▶ _RAW DATA_:
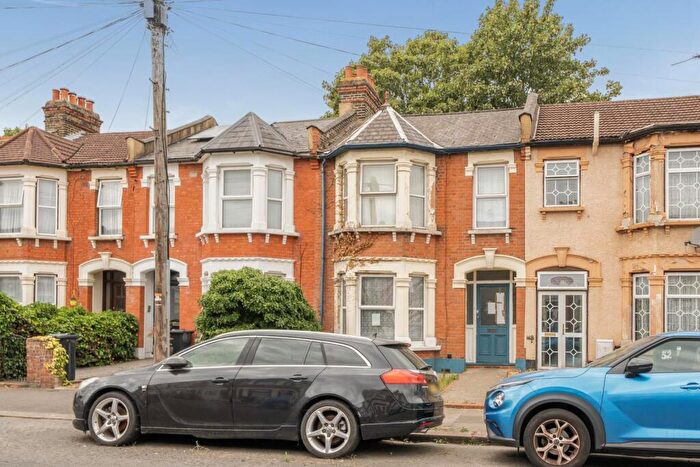 3 Bedroom Terraced House For Sale In Cobham Road, Ilford, IG3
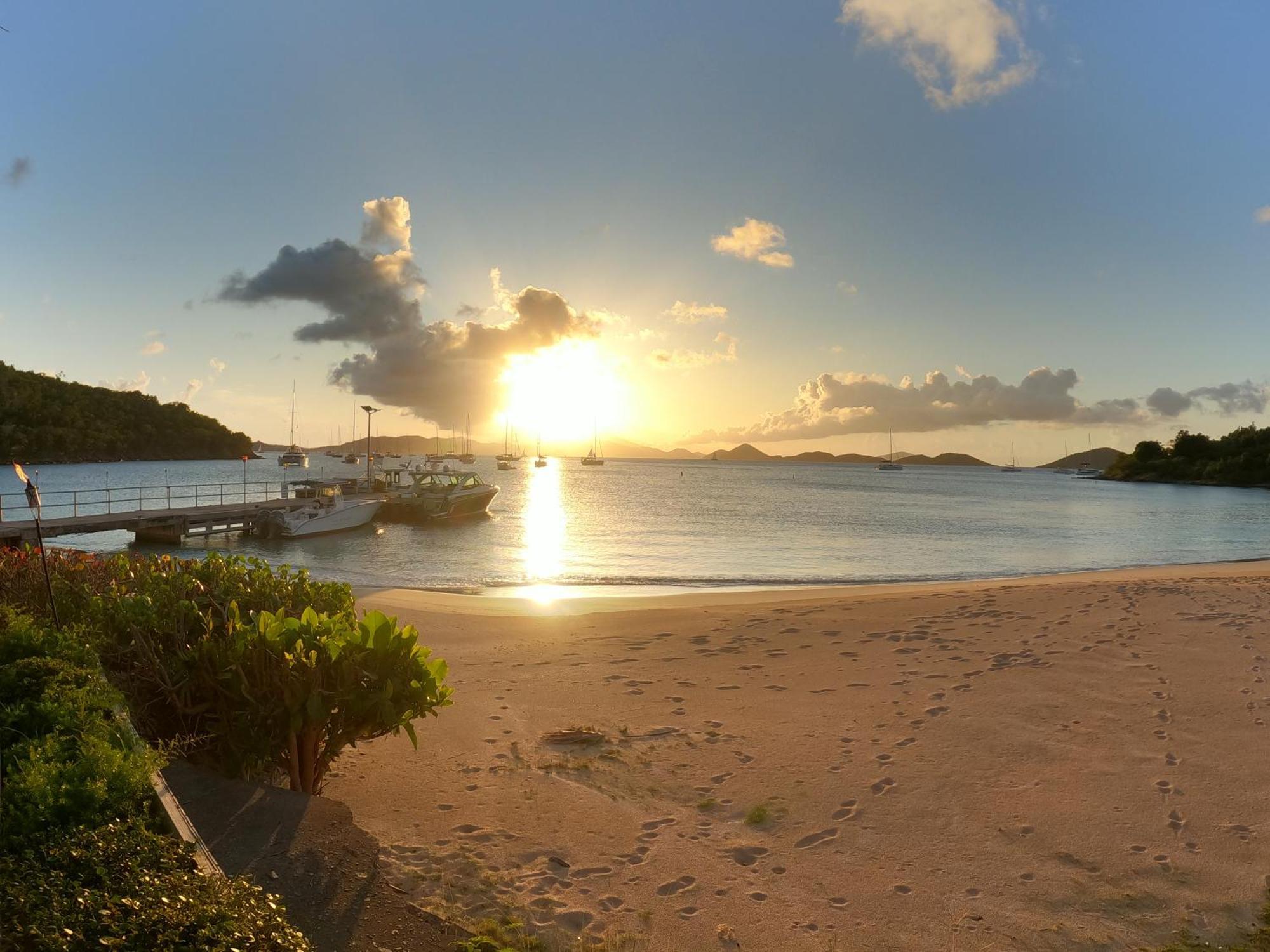 Fantastic Penthouse At Sunset Serenade Suites Cruz Bay Exterior photo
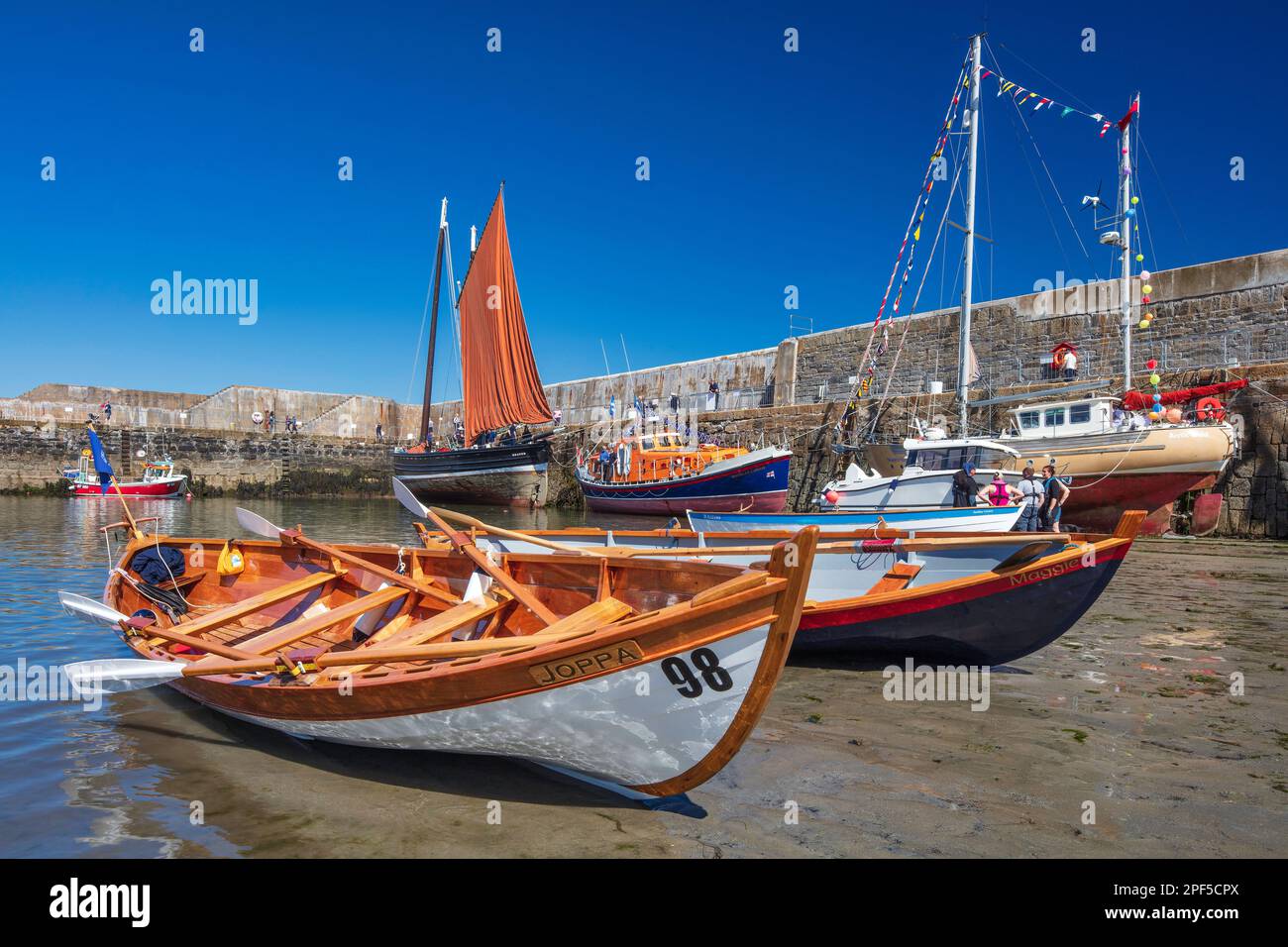 Blick auf das traditionelle Bootsfestival in Portsoy, Moray Firth, Banffshire, Schottland, Großbritannien Stockfoto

▶ _YOUR INSTRUCTIONS_:
With the pictures removed, copy the data above word for word.

▶ _RESPONSE TO THIS TASK_:
 3 Bedroom Terraced House For Sale In Cobham Road, Ilford, IG3
 Fantastic Penthouse At Sunset Serenade Suites Cruz Bay Exterior photo
 Blick auf das traditionelle Bootsfestival in Portsoy, Moray Firth, Banffshire, Schottland, Großbritannien Stockfoto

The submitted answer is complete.